The Supreme Court is established by Article III, Section 1 of the Constitution of the United States, which says: "The judicial Power of the United States, shall be vested in one supreme Court . . .". The size of the Court is not specified; the Constitution leaves it to Congress to set the number of justices. Under the Judiciary Act of 1789 Congress originally fixed the number of justices at six (one chief justice and five associate justices). Since 1789 Congress has varied the size of the Court from six to seven, nine, ten, and back to nine justices (always including one chief justice).
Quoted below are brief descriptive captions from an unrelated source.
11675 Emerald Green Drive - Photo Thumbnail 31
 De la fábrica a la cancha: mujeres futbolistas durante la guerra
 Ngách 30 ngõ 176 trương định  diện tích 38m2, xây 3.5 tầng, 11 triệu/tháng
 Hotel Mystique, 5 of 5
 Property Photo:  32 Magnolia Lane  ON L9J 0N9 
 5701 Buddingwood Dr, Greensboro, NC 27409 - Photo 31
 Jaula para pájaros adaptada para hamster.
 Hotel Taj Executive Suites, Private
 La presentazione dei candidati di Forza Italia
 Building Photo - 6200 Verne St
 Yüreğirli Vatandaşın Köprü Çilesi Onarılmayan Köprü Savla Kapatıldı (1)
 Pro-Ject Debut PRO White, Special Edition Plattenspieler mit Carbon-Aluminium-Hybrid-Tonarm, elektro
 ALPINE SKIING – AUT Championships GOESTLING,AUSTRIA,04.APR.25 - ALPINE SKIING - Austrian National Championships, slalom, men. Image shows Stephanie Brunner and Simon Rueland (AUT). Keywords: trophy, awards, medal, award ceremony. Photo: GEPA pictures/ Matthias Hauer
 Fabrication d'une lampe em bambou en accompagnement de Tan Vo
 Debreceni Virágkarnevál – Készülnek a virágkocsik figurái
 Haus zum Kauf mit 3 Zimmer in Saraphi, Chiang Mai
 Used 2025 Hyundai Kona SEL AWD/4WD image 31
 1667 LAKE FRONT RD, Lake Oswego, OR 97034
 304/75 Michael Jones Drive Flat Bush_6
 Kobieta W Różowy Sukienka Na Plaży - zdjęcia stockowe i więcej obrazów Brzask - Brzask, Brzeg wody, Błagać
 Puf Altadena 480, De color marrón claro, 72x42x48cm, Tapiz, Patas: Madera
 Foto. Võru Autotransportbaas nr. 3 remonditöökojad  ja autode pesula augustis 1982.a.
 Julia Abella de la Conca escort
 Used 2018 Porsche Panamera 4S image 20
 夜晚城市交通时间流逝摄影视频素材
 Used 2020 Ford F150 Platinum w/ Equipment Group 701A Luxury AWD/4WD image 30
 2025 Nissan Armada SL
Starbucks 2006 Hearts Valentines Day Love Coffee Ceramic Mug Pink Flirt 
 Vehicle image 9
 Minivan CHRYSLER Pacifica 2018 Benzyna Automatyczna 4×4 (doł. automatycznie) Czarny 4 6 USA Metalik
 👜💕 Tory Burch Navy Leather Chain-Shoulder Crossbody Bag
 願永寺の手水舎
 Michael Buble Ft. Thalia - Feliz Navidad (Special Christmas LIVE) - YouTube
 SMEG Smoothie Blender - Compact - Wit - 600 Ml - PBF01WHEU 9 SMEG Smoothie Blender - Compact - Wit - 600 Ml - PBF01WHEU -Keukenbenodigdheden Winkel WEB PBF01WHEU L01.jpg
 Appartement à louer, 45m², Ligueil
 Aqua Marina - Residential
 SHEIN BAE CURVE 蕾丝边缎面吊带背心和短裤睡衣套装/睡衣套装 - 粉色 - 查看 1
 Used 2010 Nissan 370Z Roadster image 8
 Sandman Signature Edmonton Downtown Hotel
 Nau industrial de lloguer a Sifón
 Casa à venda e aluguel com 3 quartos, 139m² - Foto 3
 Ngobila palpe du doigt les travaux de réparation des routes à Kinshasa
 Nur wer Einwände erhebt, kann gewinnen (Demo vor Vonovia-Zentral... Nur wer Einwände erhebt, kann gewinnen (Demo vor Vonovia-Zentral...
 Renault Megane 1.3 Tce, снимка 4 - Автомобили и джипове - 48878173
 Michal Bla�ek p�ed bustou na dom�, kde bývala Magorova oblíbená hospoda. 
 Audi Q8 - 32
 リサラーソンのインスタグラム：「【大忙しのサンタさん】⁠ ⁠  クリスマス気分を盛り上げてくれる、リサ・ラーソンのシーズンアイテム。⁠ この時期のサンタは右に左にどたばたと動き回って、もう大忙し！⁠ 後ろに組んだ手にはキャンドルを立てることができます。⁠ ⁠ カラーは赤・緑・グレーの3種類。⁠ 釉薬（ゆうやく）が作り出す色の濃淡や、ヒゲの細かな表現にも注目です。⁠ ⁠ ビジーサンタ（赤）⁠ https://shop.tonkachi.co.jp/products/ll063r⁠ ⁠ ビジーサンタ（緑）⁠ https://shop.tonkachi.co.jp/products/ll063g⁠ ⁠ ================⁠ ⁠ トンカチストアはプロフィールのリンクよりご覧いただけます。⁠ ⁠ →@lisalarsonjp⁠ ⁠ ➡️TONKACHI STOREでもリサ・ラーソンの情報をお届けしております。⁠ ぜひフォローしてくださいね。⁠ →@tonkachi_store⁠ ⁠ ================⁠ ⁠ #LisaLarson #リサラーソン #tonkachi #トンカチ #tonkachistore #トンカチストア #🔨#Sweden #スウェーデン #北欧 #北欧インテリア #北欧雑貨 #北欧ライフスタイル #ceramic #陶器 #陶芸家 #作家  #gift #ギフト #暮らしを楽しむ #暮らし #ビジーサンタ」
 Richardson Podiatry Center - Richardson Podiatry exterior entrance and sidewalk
When the cases in 14 U.S. (1 Wheat.) were decided, the Court comprised these seven justices:

| Portrait | Justice | Office | Home State | Succeeded | Date confirmed by the Senate (Vote) | Tenure on Supreme Court |
|---|---|---|---|---|---|---|
|  | John Marshall | Chief Justice | Virginia | Oliver Ellsworth | January 27, 1801 (Acclamation) | February 4, 1801 – July 6, 1835 (Died) |
|  | Bushrod Washington | Associate Justice | Virginia | James Wilson | December 20, 1798 (Acclamation) | November 9, 1798 (Recess Appointment) – November 26, 1829 (Died) |
|  | William Johnson | Associate Justice | South Carolina | Alfred Moore | March 24, 1804 (Acclamation) | May 7, 1804 – August 4, 1834 (Died) |
|  | Henry Brockholst Livingston | Associate Justice | New York | William Paterson | December 17, 1806 (Acclamation) | January 20, 1807 – March 18, 1823 (Died) |
|  | Thomas Todd | Associate Justice | Kentucky | new seat | March 2, 1807 (Acclamation) | March 3, 1807 – February 7, 1826 (Died) |
|  | Gabriel Duvall | Associate Justice | Maryland | Samuel Chase | November 18, 1811 (Acclamation) | November 23, 1811 – January 12, 1835 (Resigned) |
|  | Joseph Story | Associate Justice | Massachusetts | William Cushing | November 18, 1811 (Acclamation) | February 3, 1812 – September 10, 1845 (Died) |

== Notable Case in 14 U.S. (1 Wheat.) ==
=== Martin v. Hunter's Lessee ===
Martin v. Hunter's Lessee, 14 U.S. (1 Wheat.) 304 (1816), was the first case to assert ultimate Supreme Court authority over state courts in civil matters of federal law.

== Citation style ==

Under the Judiciary Act of 1789 the federal court structure at the time comprised District Courts, which had general trial jurisdiction; Circuit Courts, which had mixed trial and appellate (from the US District Courts) jurisdiction; and the United States Supreme Court, which had appellate jurisdiction over the federal District and Circuit courts—and for certain issues over state courts. The Supreme Court also had limited original jurisdiction (i.e., in which cases could be filed directly with the Supreme Court without first having been heard by a lower federal or state court). There were one or more federal District Courts and/or Circuit Courts in each state, territory, or other geographical region.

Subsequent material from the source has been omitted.